There are a few specific objects that are problematic with the ASI600 due to it's microlens diffraction. Well, more specifically, a few specific stars. Alnitak is enemy #1, basically. And this is not just the case with the ASI1600, although it tends to be a bit worse due to the microlens reflection, but it is an issue with scopes that have higher blue dispersion (you end up with a bright blue cast over most of the image in color combinations), scopes that have big fast apertures (you usually get obvious aperture-shaped reflections), etc. Alnitak is THE star that annoys a majority of imagers with a very wide range of equipment. A close second is Gamma Cas, another very bright star in Cassiopeia near the Ghost of Cass nebula. It, too, is ultra bright and has been a problem for many imagers with a wide range of equipment. It just gets a bit worse with the ASI1600 due to the microlens diffraction. There are some other stars out there that are similarly problematic, although usually not to the degree of these two, however it is a minority of objects that are affected.
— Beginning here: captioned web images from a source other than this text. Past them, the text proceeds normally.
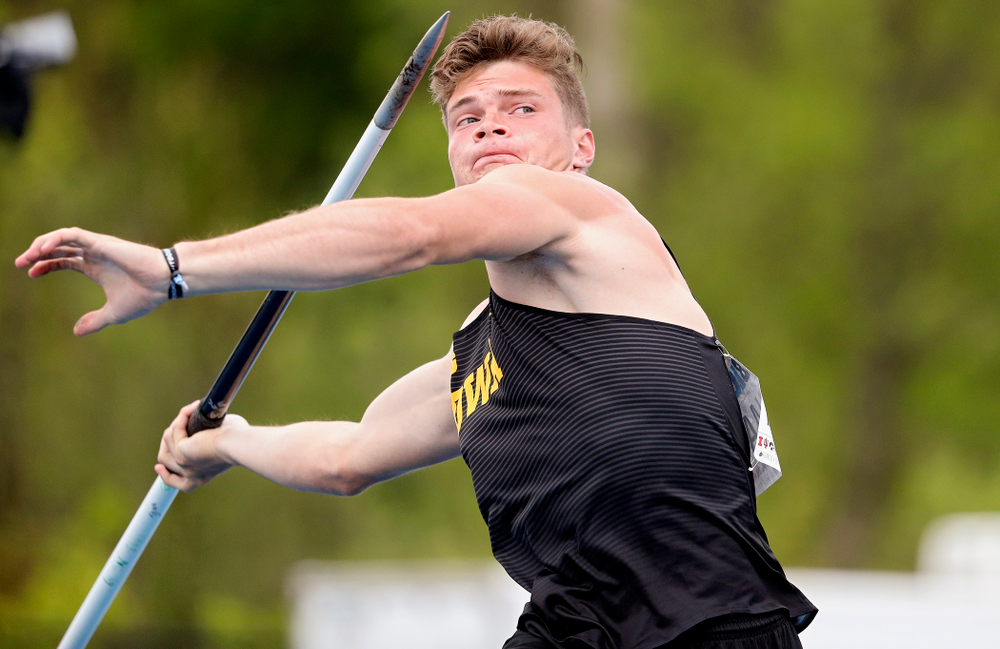 Iowa's Peyton Haack throws in the men’s javelin in the decathlon event on the second day of the Big Ten Outdoor Track and Field Championships at Francis X. Cretzmeyer Track in Iowa City on Saturday, May. 11, 2019. (Stephen Mally/hawkeyesports.com)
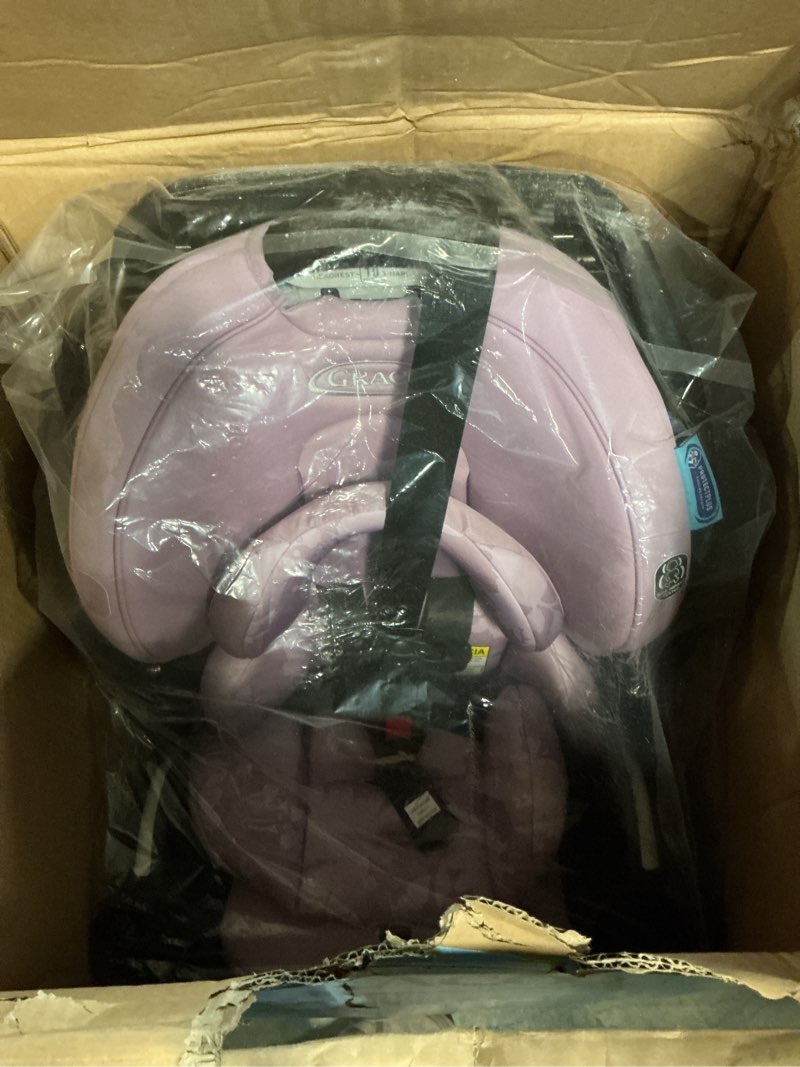 Condition photo showing New/Like New for graco turn2me 3-in-1 rotating convertible car seat, lilac mod, rear-facing rotation only, forward-facing mode, highback booster up to 100 lbs, adjustable headrest & harness, steel reinforced frame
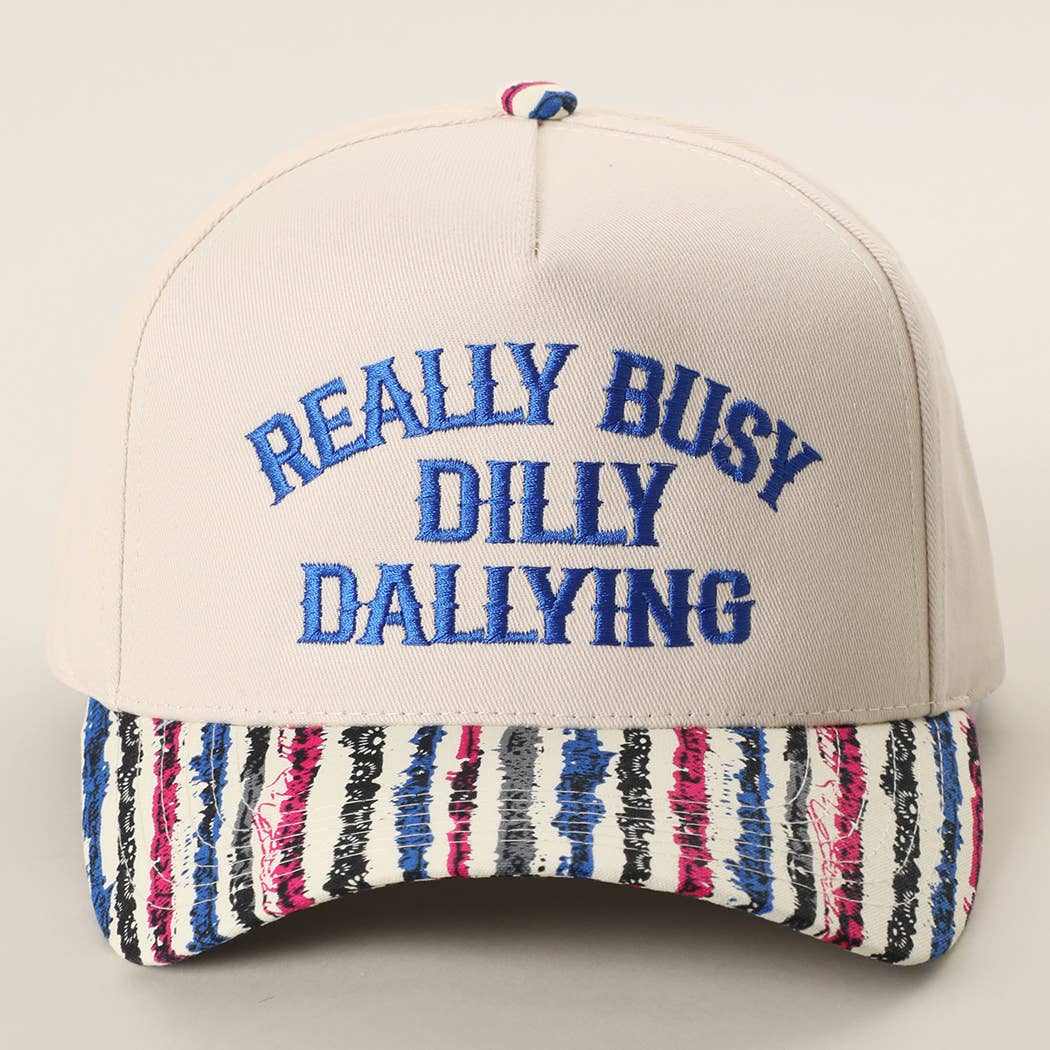REALLY BUSY DILLY DALLYING Embroidered Stripe Brim Hat: VINTAGE STRIPE-1 / ONE SIZE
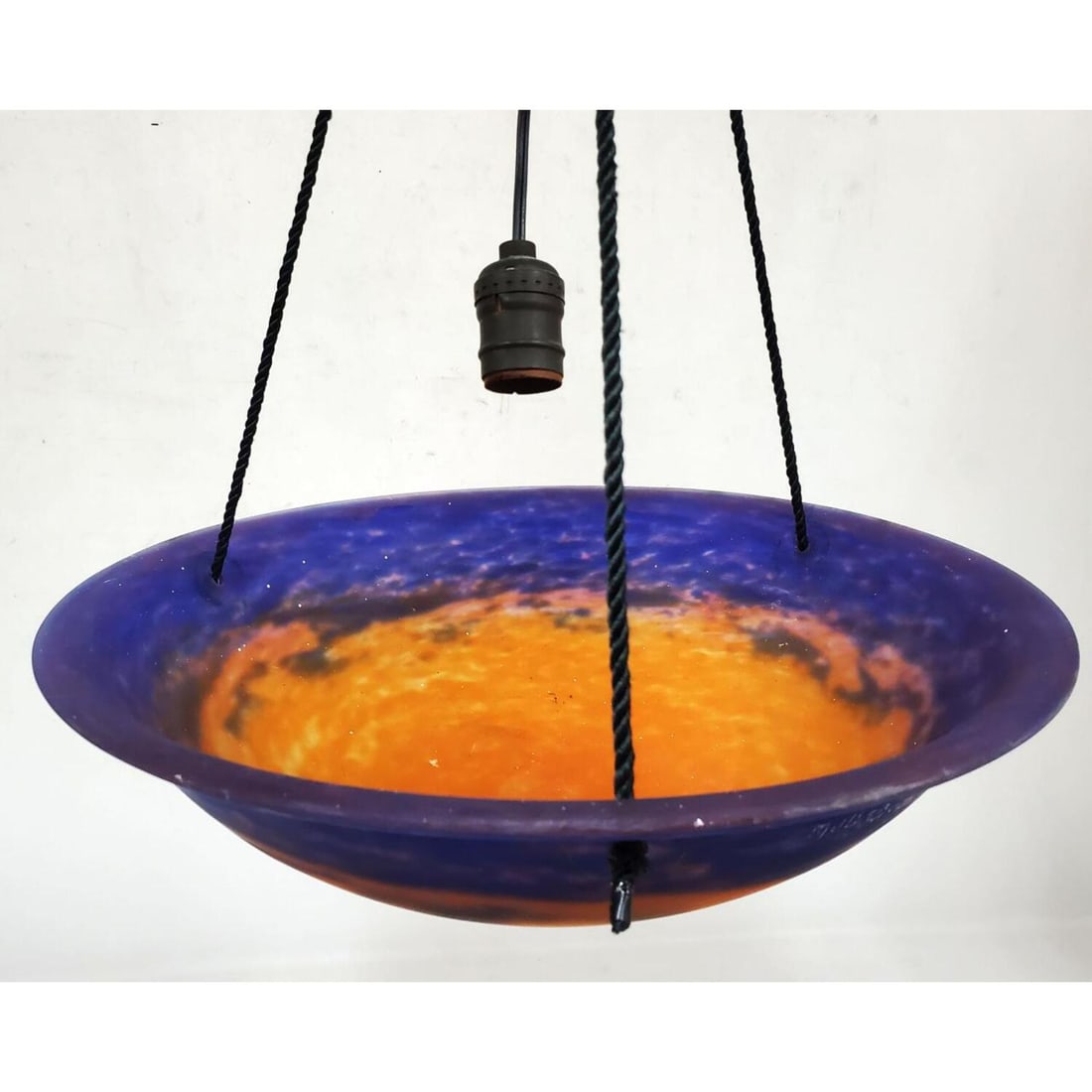 Muller Freres Luneville French Glass Chandelier: Muller Freres Luneville Art Deco French Glass Chandelier. Condition: Generally Very Good. Dimensions: Glass Alone H- 4.6" x Dia- 15.6". H w/ Mount- 23". Provenance: From a New Jersey Home. Please note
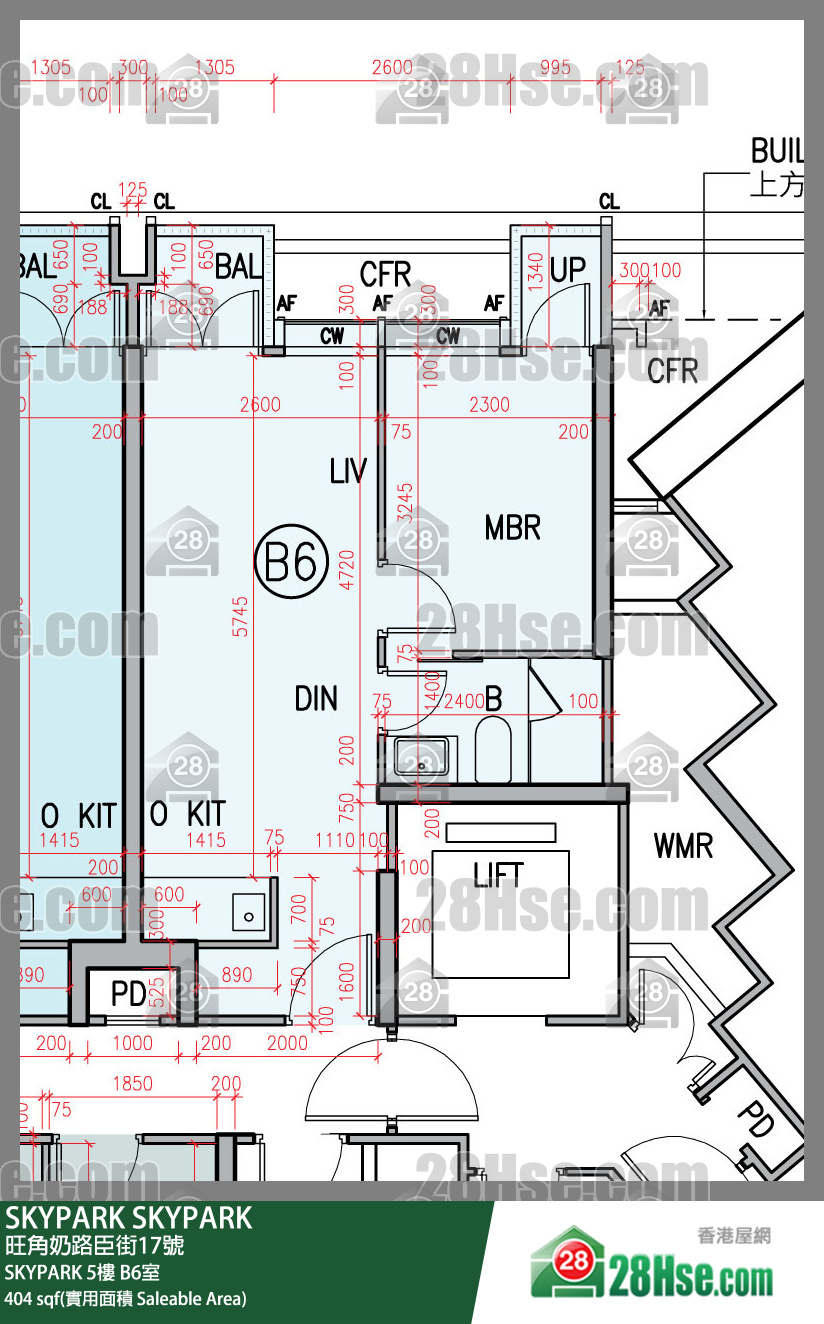 SKYPARK SKYPARK5楼 B6室 平面图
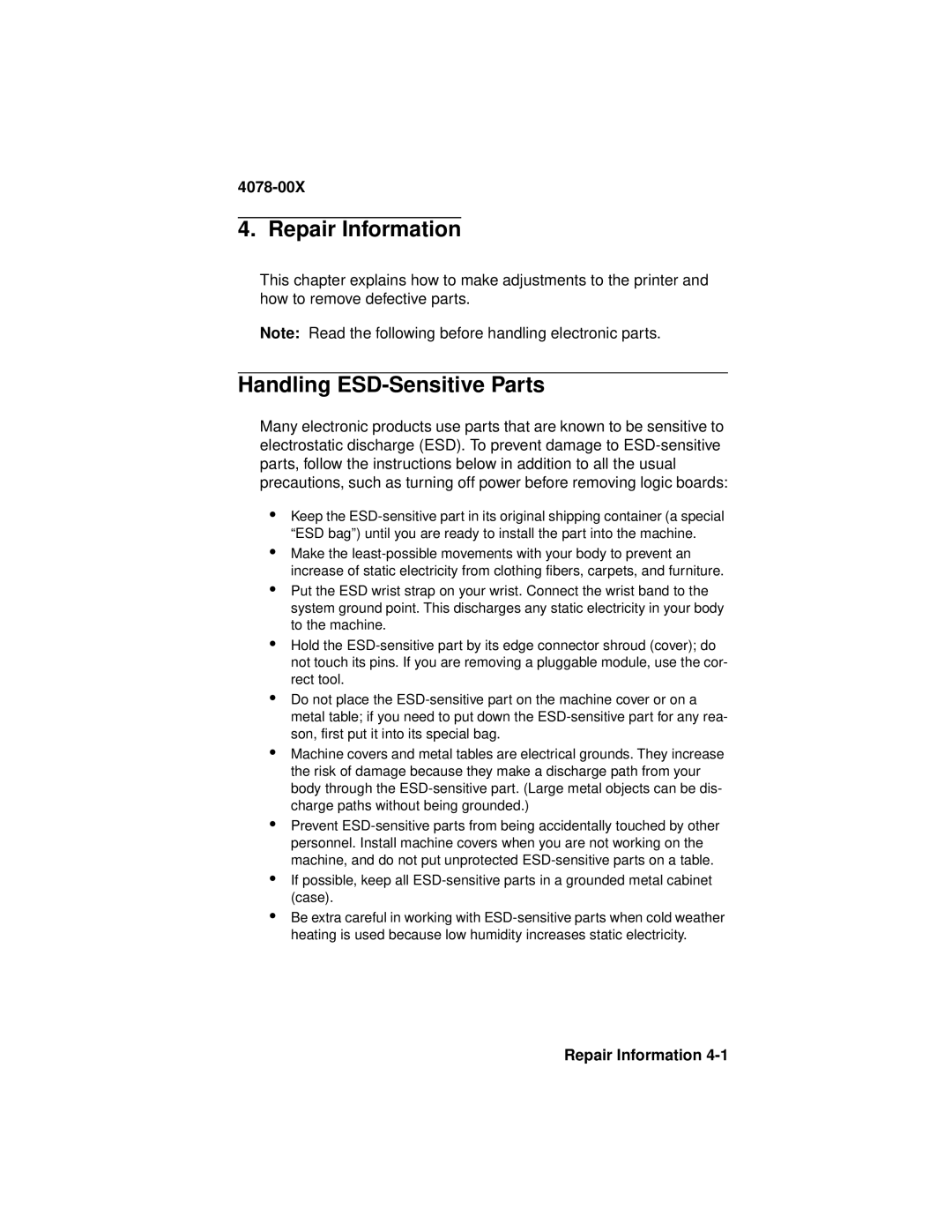 Lexmark 1020 manual Repair Information, Handling ESD-Sensitive Parts 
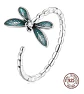 Anillo Plata 925 Ajustable Libélula Verde Joyas Regalo Mujer - Miniatura 2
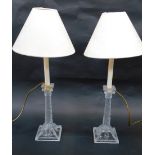 A pair of Victorian pressed glass candle sticks, with fittings, converted to table lamps, 46cm H.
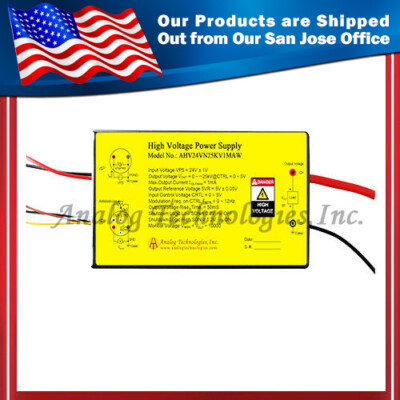 AHV24VN25KV1MAW High Voltage DC-DC Power Supply 24V Input -25kV 1mA Output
As with any scope that has problems with Alnitak or Gamma Cass, one solution is to orient the image such that the problematic star is out of the frame. With reflection and dispersion issues, this is only partially successful since a reflection can still occur off of other elements in the train, and can still be a problem so long as the star is within the imaging circle (which is sometimes many times the area of the sensor itself). With the ASI1600, all you need is for the star to be JUST off the frame, and the issue will disappear entirely. So that gives you more options.
The interesting thing about this effect is it is actually now well understood thanks to the knowledge and experience of guys like Mark (sharkmelly) and Frank (freestar8n). I think Frank was actually working on a tool that could be used to cancel or at least mitigate the effect of the diffraction due to the knowledge those two gained while learning about the effect when it occurred with other kinds of cameras (no, the ASI1600 is not the only camera to experience the effect!) It seems it can be well-modeled, which means at some point there may be a solution to the problem. (Food for thought).